Meeting Muttiah Muralitharan can be exciting and a little eerie at the same time. He speaks to you with his eyes fixed on yours and it’s almost a question of who blinks first. Expressive, wide and deep these are the eyes which have hypnotised batsmen for years but if you stare back when you are not batting, Murali comes across as a gentle bloke.
Not having the greatest of times in IPL II hasn’t really bothered the wizard from Kandy. For someone with more international wickets than anybody in history that may seem surprising but Murali explained to HT that T20 for him is more about containment than taking wickets.
“More than the strike rate, it’s about the economy rate. How many runs you concede matters more than how many wickets you take. Yes I do like luring batsmen into mistakes, but in T20, I concentrate on choking batsmen. It’s fine if they commit mistakes trying to break free, but as long as I don’t go for runs, I’m happy.”
For Murali, T20 is about having fun and he doesn’t want to judge batsmen by how they fare. “In T20, any batsman can take you to the cleaners on his day, doesn’t matter who the bowler is. You never know when you’re going to be hit for two-three sixes in an over. There’s no need to find out a batsman’s true ability by assessing how he’s doing in T20. You can never judge a great batsman in this format.”
So does it feel humiliating when lesser players win the day against him?
“Not quite. A good player can hit you out of the park because he’s taking more chances. A not-so-good player can do the same because he too is taking more chances.
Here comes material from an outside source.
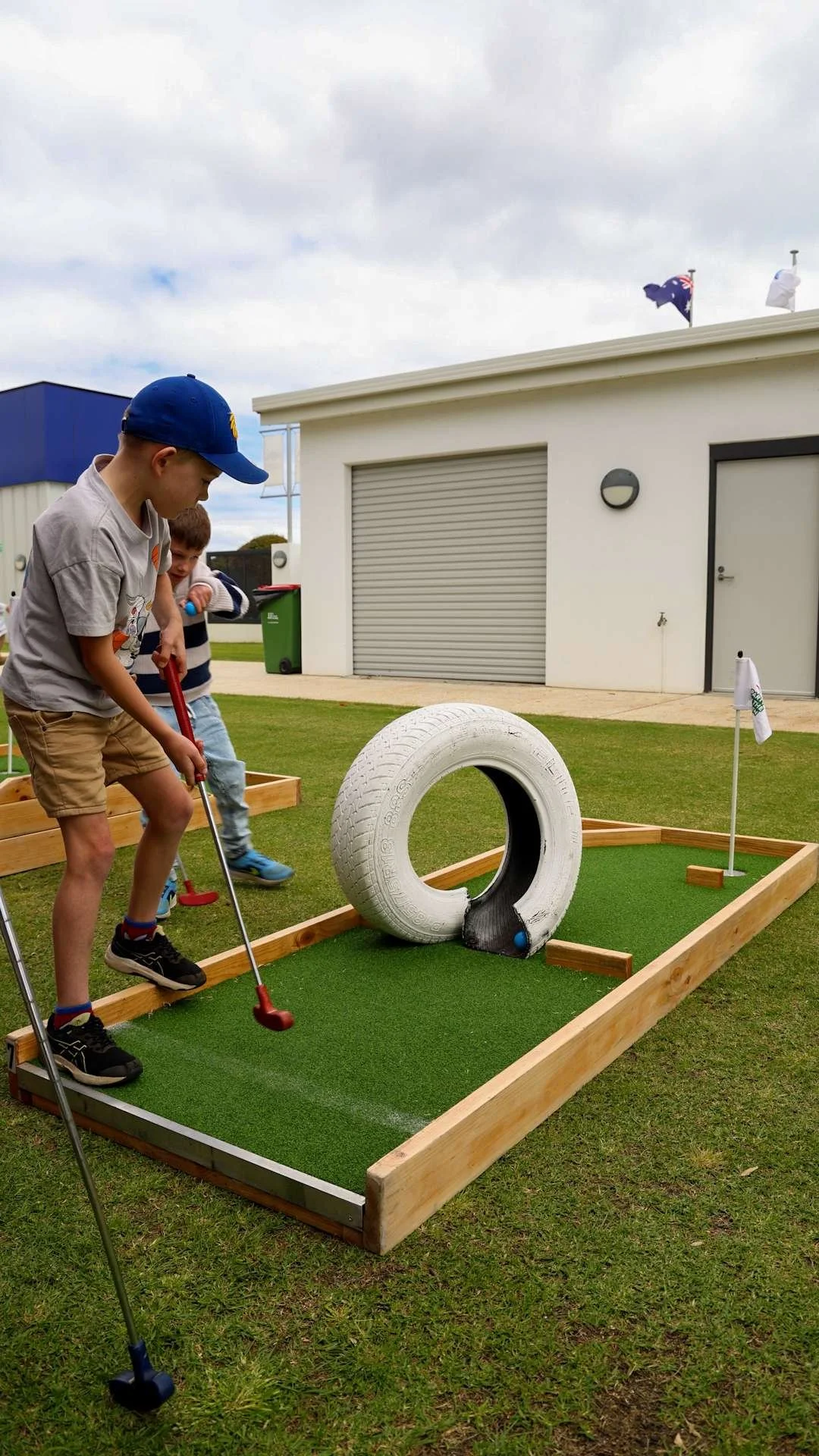 Two boys playing miniature golf on a small green course outdoors with a tire obstacle and hole with flag at Bunbury Turf Club Family Fun Day.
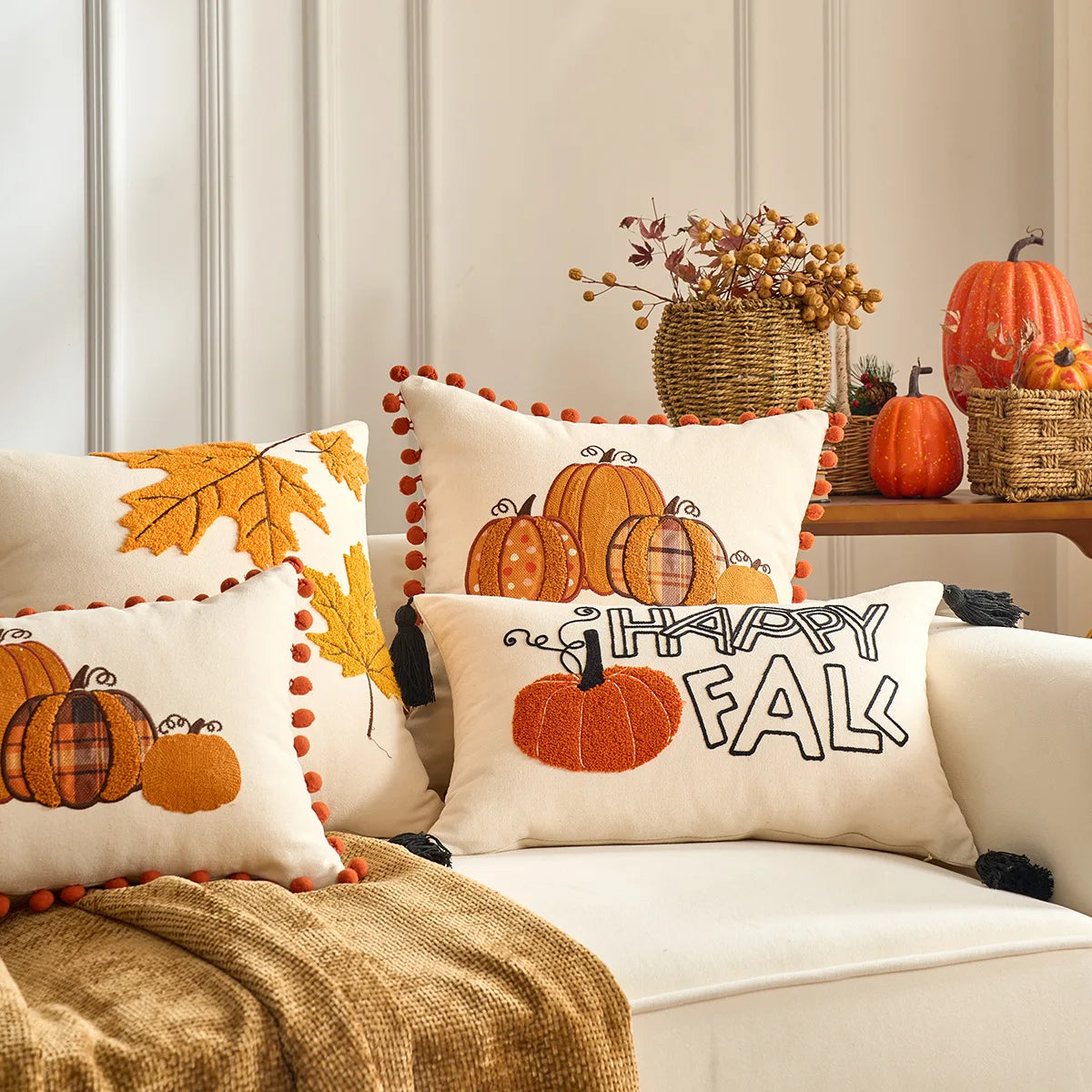 Decorative pillows with pumpkins and 'Happy Fall' text on a sofa, with autumn-themed decor in the background. Fall maple leaf and pumpkin throw pillow cover for Thanksgiving decor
He won’t be blamed by the captain if he’s caught at the boundary line. The same shot that can draw criticism in Test matches will make a player famous in T20. As bowler, I’ve to accept this.”
Murali is happy to see that in South Africa this time, bowlers are getting some assistance from the wicket unlike in India. That slow bowlers are slowing down the scoring rate impresses him the most.
“It’s more competitive here. In India, even 200 can be chased. Over here, it’s difficult to chase even 160-165. Some of the grounds have something for spinners and it’s good to see that.”
But is he satisfied with the fact that he doesn’t figure even among the top 10 wicket-takers in IPL II? “Close to 30 overs, nine wickets and an economy rate around six (30 overs, 179 runs and nine wickets to be precise)... is it that bad?” he said with a smile that reached up to his eyes.
Since some of cricket’s most precious numbers belong to him, it is not surprising that the man has an eye for figures. Even in a ‘fun’ event.